Arte se relaciona muito com a elaboração de uma expectativa. Pode ser algo que você espera ser representado e é contemplado ao presenciar aquilo de forma concreta. Ou pelo contrário, se desaponta porque já sabia antes e visualiza como algo óbvio. Mas arte com essência (não sei se esse é o termo correto) se edifica através do que não se espera. Uma expectativa quebrada pode ser muito decepcionante assim como pode ser uma grata surpresa, desde um acalento a nossas esperanças como um choque de verossimilhança. "Era uma vez em Tóquio" caminha por mais de 60 anos nessa encruzilhada de sensações e chegou até mim provocando-me expectativas tão semelhantes quanto divergentes ao que qualquer outra pessoa que assistiu também tenha passado.
Comecei a assistir sem saber a trama. Gosto disso. Porém, foi um começo difícil. Dentre minhas diversas pendências cinéfilas, o cinema de Ozu era uma delas. Não só a premissa me era desconhecida, como a abordagem do autor também. Muitos diálogos travados, decupagem "careta", corta para um, manda a fala, corta para a outra, reafirma a fala anterior. Quebras de eixo incomodavam a continuidade das cenas, planos e mais planos estáticos em que o único movimento notório era o aflitivo vai e vem dos leques nas mãos de todas as personagens. Questionava isso mentalmente. Influenciado pelo valor histórico que a crítica cinematográfica impõe, segurei a ideia de que aquilo tem um algo mais (talvez nem precisasse disso).

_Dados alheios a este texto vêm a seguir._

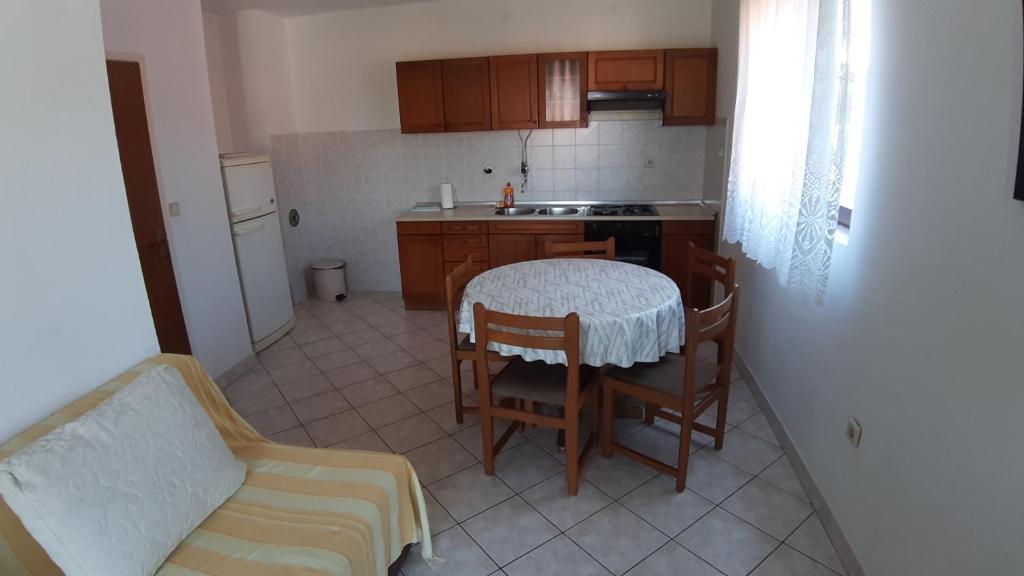 Kuchyň nebo kuchyňský kout v ubytování Apartmani Ždrelac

Eis que o casal de longa data chega a Tóquio. Houve uma preparação para o que estava por vir. A mensagem começa a ficar mais clara, mas pouco parece receber a devida atenção do autor. Quer dizer, não é bem isso. Uma história muito simples e atemporal vai sendo emoldurada diante de nossos olhos. Filhos sem tempo para os pais. Uma constante impressão de deslocamento. Aí alguns conceitos se tornam mais evidentes. De repente, uma conversa com quebra de eixo revela quem está ganhando uma discussão. Ou quem não está prestando atenção na conversa. Ou que aquela fala é direcionada a nós. A estabilidade visual contrasta com a instabilidade dos relacionamentos presentes. A passividade da direção aumenta a angústia da falta de rumo dessas pessoas. Assim, a memória pessoal interfere na imagem. A emoção que demora a ser desabafada na tela busca por preenchimento na vida de seu público. A partir de um momento específico de uma família, de um momento específico de um país, disposto a apagar seu passado assolado, um tema se universaliza. Os detalhes mais simplórios vão saltando aos olhos. Mesmo um raro travelling, que poderia ser libertador, carrega a carga de melancolia que vai se alastrar até o último momento, quando você não quer que um filme arrastado acabe.
Porque a vida não pode acabar. Para seguirmos em frente, trabalhamos nossa humanidade para aceitar o oposto, para conseguir conviver com o que não esperamos. Conforta, mas também assusta. Afinal, conforme negamos mais e mais nossos sentimentos, como saberemos se resgatamos as emoções que precisávamos? Não é fácil. Esse filme não é fácil. É ambicioso ao não ser. Nega a esperança para, no minuto seguinte, abraçá-la. Mostra o que há de frustrante no todo e o fruto da felicidade nos detalhes mais ínfimos. O filme acaba e a arte perdura, em expansão. É um trecho de vida que só se vive uma vez. É uma vez em Tóquio. É uma vez em qualquer lugar.